In questi versetti nei quali viene riassunto il destino e la storia del popolo d'Israele, il riferimento al poco prosaico danaro sembra un dettaglio irrilevante, se non addirittura fuori luogo.

Quattro secoli più tardi, prima di uscire di gran fretta dall'Egitto, Moshè Rabbenu comandò al popolo d'Israele di “prendere dagli egiziani oggetti d'argento, d'oro e vestiti. [ ] E svuotarono l'Egitto.” (Shemot / Esodo 12; 34-36). La profezia viene dunque rispettata.

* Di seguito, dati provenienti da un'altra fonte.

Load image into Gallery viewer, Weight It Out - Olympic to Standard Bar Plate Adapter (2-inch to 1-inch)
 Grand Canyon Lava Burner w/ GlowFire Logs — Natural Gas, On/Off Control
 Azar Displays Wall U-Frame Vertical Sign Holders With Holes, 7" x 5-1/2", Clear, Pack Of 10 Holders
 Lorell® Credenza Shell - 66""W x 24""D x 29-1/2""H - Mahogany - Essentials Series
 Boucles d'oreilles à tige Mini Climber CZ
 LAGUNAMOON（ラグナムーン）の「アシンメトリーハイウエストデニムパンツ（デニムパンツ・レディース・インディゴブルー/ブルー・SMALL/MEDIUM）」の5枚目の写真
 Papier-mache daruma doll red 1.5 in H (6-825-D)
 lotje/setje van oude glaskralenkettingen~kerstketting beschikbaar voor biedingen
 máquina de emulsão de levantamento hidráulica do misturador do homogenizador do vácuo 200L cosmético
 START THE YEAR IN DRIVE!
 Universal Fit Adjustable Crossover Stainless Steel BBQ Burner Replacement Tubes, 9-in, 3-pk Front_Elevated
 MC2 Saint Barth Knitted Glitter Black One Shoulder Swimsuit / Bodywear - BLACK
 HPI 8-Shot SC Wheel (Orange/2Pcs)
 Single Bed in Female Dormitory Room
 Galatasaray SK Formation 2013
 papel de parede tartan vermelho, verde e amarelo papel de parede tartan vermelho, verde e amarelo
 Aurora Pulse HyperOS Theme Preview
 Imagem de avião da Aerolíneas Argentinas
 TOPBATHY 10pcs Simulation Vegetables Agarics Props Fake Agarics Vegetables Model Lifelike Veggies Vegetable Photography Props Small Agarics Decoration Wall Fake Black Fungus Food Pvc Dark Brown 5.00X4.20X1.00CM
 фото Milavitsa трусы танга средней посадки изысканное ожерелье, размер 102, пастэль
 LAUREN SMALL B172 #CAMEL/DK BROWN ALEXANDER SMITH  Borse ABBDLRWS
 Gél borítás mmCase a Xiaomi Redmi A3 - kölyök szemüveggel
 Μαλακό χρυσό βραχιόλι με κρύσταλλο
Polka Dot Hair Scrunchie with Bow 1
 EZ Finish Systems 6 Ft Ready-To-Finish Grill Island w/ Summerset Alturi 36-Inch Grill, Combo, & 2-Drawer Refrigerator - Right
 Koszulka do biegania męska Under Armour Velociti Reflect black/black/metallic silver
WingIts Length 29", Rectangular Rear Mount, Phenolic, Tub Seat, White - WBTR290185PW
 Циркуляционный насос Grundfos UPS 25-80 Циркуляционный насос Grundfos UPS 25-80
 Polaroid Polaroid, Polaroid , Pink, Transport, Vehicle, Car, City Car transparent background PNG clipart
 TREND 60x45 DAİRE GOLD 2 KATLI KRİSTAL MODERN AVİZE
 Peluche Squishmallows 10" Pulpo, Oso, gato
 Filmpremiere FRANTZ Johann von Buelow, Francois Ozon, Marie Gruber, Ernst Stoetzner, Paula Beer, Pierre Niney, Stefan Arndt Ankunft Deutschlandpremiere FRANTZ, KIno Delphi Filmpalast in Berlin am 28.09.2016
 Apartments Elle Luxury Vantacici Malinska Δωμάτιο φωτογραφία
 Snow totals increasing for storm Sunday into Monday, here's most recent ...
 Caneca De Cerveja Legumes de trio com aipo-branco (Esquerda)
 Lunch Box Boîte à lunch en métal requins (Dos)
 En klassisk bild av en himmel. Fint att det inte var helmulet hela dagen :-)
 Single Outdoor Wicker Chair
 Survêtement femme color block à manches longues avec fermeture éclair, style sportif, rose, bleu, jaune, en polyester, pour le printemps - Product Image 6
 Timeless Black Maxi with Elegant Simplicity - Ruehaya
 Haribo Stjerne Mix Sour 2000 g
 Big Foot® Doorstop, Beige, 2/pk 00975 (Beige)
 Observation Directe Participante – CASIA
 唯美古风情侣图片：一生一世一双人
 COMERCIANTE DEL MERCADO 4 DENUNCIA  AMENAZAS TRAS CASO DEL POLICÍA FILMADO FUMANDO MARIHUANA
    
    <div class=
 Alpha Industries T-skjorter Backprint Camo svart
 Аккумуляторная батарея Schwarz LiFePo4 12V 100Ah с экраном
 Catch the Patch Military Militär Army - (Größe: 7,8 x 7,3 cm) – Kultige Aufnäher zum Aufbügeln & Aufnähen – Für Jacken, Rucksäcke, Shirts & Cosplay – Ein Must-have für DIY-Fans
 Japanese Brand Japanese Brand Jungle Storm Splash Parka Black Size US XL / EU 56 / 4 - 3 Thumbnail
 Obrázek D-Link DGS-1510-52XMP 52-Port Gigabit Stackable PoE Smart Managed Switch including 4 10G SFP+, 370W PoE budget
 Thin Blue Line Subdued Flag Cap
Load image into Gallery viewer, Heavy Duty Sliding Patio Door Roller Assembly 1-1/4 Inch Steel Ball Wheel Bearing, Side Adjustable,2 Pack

Ma cosa rappresenta questo “prelievo”? Senza dubbio si tratta del rimborso legittimo di 116 anni di schiavitù e sfruttamento non pagati (di cui gli ultimi 86 di dura oppressione). Ed è stato anche un modo molto efficace per attirare gli egiziani a rincorrere il popolo d'Israele per riprendersi indietro i “propri” schiavi e le “proprie” richezze. E finire così con l'annegare nel Mar Rosso, come previsto dalla profezia data ad Avraham Avinu (“e giudicherò il popolo che li opprimerà”).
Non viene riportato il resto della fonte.